Last night's game is parked nearly 20 hours away in our collective rear-view mirror by now, and with that being the case, I can't see too much point in expending a whole bunch of words on a blowout win where just about everything that could have possibly gone right did go right. I did want to share a few quick observations, however:
● Colby Lewis flirted with perfection for a little while last night, and ended up tossing a complete-game gem that further solidified his MLB-best strikeout-to-walk ratio of 74-to-11. You might, however, take notice of his rather pedestrian 4.12 FIP relative to a far more 3.13 ERA on the year, and wonder why there's such a large dichotomy between the two ratios ... the thing about Lewis is that his FIP, which is driven by walks, strikeouts, homers, and (to a lesser extent) innings pitched), is still being jacked to hell by his north-of-1.5 HR/9 rate, and while that does hurt his ERA, the homers hurt a lot less when your opposition is hitting you at a substandard rate (.262 BABIP) and you're walking fewer batters per nine innings than any other starting pitcher in the league.

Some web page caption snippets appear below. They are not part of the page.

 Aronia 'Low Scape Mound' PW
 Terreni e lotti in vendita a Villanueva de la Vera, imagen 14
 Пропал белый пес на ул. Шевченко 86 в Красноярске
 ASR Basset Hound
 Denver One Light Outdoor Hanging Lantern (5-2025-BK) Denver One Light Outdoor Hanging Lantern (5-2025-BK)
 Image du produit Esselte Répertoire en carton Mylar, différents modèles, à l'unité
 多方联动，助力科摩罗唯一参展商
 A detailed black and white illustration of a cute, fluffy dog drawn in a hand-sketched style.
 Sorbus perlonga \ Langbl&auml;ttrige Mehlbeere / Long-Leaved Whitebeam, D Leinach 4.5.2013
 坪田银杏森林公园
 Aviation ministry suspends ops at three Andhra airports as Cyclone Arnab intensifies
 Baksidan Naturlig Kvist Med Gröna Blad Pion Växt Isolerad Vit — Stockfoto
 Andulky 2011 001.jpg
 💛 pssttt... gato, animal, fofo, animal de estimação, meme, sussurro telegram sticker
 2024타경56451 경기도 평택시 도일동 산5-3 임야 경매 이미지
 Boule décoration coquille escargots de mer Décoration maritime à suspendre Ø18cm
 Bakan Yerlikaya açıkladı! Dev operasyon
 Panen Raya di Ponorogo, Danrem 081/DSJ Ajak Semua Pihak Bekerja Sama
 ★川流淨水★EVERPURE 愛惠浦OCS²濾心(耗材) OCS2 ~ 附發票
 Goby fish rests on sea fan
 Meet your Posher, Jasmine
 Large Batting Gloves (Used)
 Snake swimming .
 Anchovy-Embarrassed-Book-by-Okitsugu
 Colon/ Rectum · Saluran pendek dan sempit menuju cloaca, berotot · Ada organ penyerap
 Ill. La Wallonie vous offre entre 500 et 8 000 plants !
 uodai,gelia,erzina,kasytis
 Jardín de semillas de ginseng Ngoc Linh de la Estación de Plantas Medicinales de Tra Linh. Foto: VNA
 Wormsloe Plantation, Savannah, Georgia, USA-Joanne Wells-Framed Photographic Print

The other thing about this disparity, of course, is that it's somewhat deceiving, because the ERA statistic effectively masks all of the bad pitching/results that might follow after an error in a given inning -- even if the error was committed by the pitcher himself. Almost a month ago, Lewis yielded four first-inning runs that were all classified as unearned because the run-scoring rally in question was facilitated by his own throwing error. Lewis has also allowed twice as many unearned runs this year as the league-average rate, and that isn't completely his fault ... but ERA voids the pitcher of all responsibility for whatever might transpire after an error, and we all know that this isn't what actually happens.
I was in attendance up at last night's Double-A Frisco/Midland tilt for Roy Oswalt's latest tune-up start, and I pretty much concur with Gil LeBreton's account of Oswalt's performance -- okayish, but not all there yet. He never established any perceptible feel or command for the curveball, which he often buried so far into the dirt that Midland's hitters were given no reason to swing, and the fastball (consistently in the 91-92 mph range on the Frisco gun) was cracked with authority when he missed up in the zone. Oswalt declared that it was his worst effort stuff-wise this year, and I concur with that sentiment from my perspective behind the first base dugout; he did make it to the 85-pitch mark, so he's almost at that point where he'll be stretched out enough to pitch in the majors, but he won't be ready in four days, and he may even require one more minor league start on top of that.
● Nelson Cruz is out yet again tonight with a virus of some sort, and while he's reported to be available for pinch-hitting duties if necessary, this is just the latest instance of confirmed illness in the clubhouse, with the list of afflicted players now up near half a dozen for the season (not including those players who elected not to disclose their illness to the probing media horde, as we tend to see sometimes. This could be a case of my own memory failing me, but this strikes me as one of the more severe outbreaks of illness to hit the Rangers' clubhouse in quite a few years, and, while not making excuses for anyone, I wonder how much that has factored into the general perception of the Rangers playing what has looked like a very lethargic and uninspired brand of baseball at times over the last few months.